There was evidence that Ms Corrigan, who was naked as a result of being sprayed by another officer at an earlier point in time, splashed herself with water from the toilet bowl in her cell in an attempt to alleviate the pain and discomfort. Fearnside considered that this evidence, if presented to a jury, would be prejudicial to his case. As such, Fearnside decided that he would seek a trial by judge alone, rather than a trial by jury.
Section 68B(1)(c) of the Supreme Court Act 1933 (ACT) provides that '[a]n accused person in criminal proceedings shall be tried by a judge alone if ... the election is made before the Court first allocates a date for the person's trial'. It was at the directions hearing on 9 October 2007, that a trial date was fixed. Despite Fearnside making a decision to elect to be tried by judge alone before 9 October 2007, no election was made. Further, Fearnside, or his legal advisors, stated in the questionnaire that parties to criminal proceedings are required to complete before trial, that no election had been made for trial by judge alone.
As Fearnside did not wish to be tried by jury, he made an application to the court seeking to vacate the trial date so that the right to elect to be tried by judge alone would be revived. On Fearnside's application, Higgins CJ made such orders, namely vacating the trial date and giving leave to Fearnside to elect to be tried by Judge alone. In accordance with these orders, Fearnside made his election.
The Crown immediately sought orders that, amongst others, Fearnside's election for trial by Judge alone be declared ineffective.

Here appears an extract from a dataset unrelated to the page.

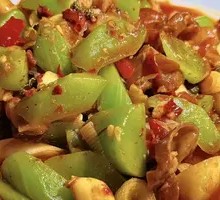 Braised Intestines with Lettuce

The Court upheld the appeal on the basis that the decision to accept Fearnside's election for trial by judge alone was wrong in law because, since it was made after the Court first allocated the trial date, it did not comply with s 68B(1)(c) of the SCA. This decision turned on the interpretation of s 68B(1)(c). While Fearnside argued that the section allowed for the reviving of the right to elect to be tried by a judge alone where the trial date was vacated, the Court held that the right was lost as soon as the Court first allocated a date for trial. This decision was reached on the basis that the word 'first' as used by the section in the phrase, 'before the Court first allocates a date for the person's trial', must be given work to do.
In reaching this conclusion, the Court decided that the s 30 interpretive principle, that requires laws to be interpreted compatibly with human rights, did not need to be applied. This decision was reached after consideration was given to the relationship between the s 30 interpretive principle and the s 28 limitation provision under the HRA, which provides that human rights may be subject to reasonable limits. The question that the Court considered was whether the interpretive principle required laws to be interpreted consistently with human rights as reasonably limited or with human rights in their entirety. The Court held that since both the human rights enshrined in the HRA and the limitation provision are set out in the same part of the HRA, the relevant human right for the purposes of applying the s 30 interpretive principle is the human right as reasonably limited. Accordingly, the court held that the methodology to be adopted in interpreting legislation is: 1. Does the section to be interpreted enliven a human right; 2. If so, does the section constitute a reasonable limit on the human right; 3. If not, apply the interpretive principle. This approach favours the methodology adopted in the New Zealand case of R v Hansen  3 NZLR 1, over the approach adopted in the New Zealand case of Moonen v Film and Literature Board of Review (No 1)  2 NZLR 9.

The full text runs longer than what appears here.